## DIRECTIONS
Print the whole listing again exactly as it stands, leaving out any images.

## COLLECTED MATERIAL
= = = = = = =
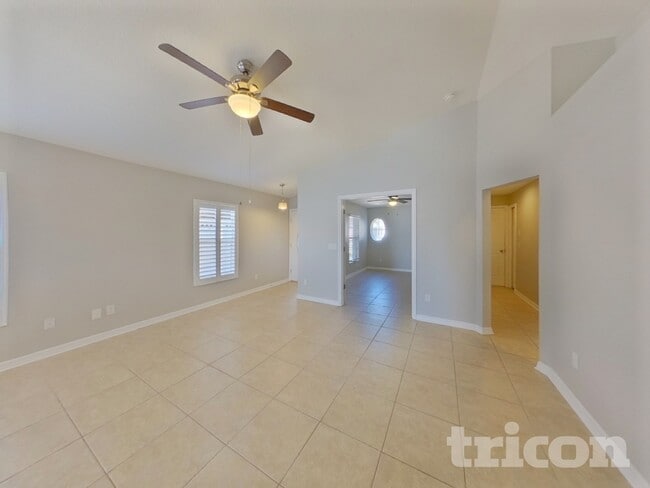 Photo - 10109 37th Ct E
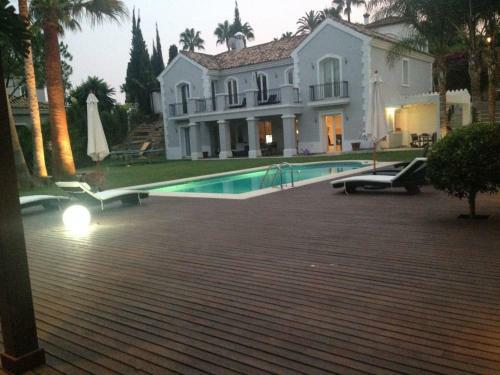 Villa Maracana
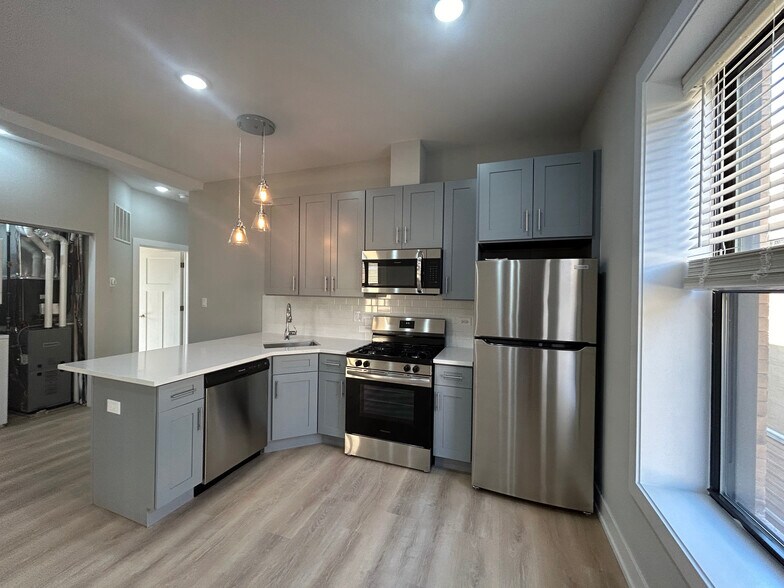 Building Photo - 423 W Belden Ave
= = = = = = =
## SOLUTION FOR THIS PROBLEM
 Photo - 10109 37th Ct E
 Villa Maracana
 Building Photo - 423 W Belden Ave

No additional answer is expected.